Expected behavior Output should be:

echo "wherever" | phonemize
wɛɹɛvɚ 

echo "wherever you are" | phonemize
wɛɹɛvɚ juː ɑːɹ 

Actual behavior Actual outputs:

echo "wherever" | phonemize
[WARNING] words count mismatch on 100.0% of the lines (1/1)
wɛɹɛvɚɹ ʌ ziəɹoʊ sɪks

echo "wherever" | phonemize
[WARNING] words count mismatch on 100.0% of the lines (1/1)
wɛɹɛvɚɹ ʌ 

echo "wherever" | phonemize
[WARNING] words count mismatch on 100.0% of the lines (1/1)
wɛɹɛvɚɹ ʌ naɪn

echo "wherever your are" | phonemize
[WARNING] words count mismatch on 100.0% of the lines (1/1)
wɛɹɛvɚ j m m m m m m m m jʊɹ ɑːɹ 

echo "wherever your are" | phonemize
[WARNING] 1 utterances containing language switches on lines 1
[WARNING] extra phones may appear in the "en-us" phoneset
[WARNING] language switch flags have been kept (applying "keep-flags" policy)
[WARNING] words count mismatch on 100.0% of the lines (1/1)
wɛɹɾɛvõ ʌ(gn) æ ziəɾoʊ jə ə 

echo "wherever your are" | phonemize
*** stack smashing detected ***: <unknown> terminated
Aborted

Additional context When using python3.7 the error is not reproduced.
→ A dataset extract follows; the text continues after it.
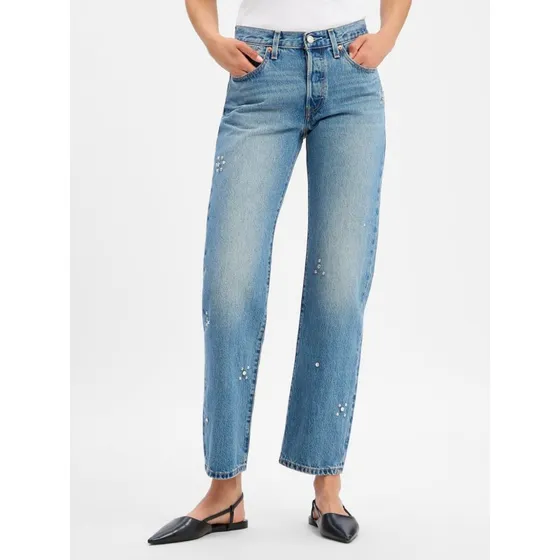 Levi's® Jeansy Straight 501® ’90s z Kamyczkami Ozdobnymi, Niebieskie
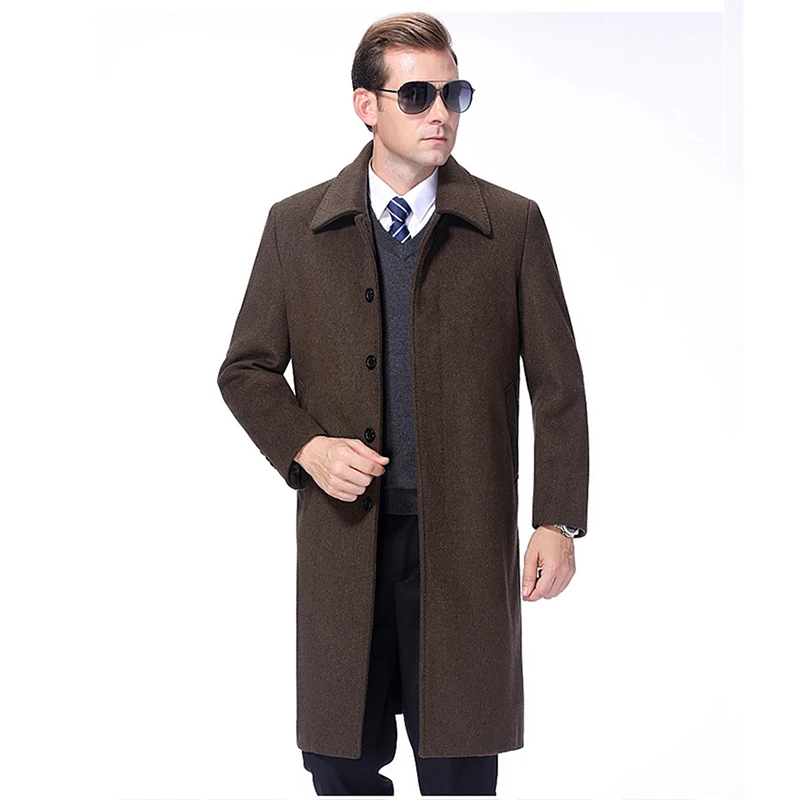 Autumn and winter plus velvet thick cashmere jacket large size coat middle-aged business casual woolen suit coat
When using phonemizer 3.2.1, the error also happens, but less often. No errors were found in the phonemization of other words.

dmitrii-obukhov commented 1 year ago

It seems to be an espeak issue that is being discussed here.

mmmaat commented 1 year ago

Thanks for reporting, indeed this is related to espeak, not phonemizer.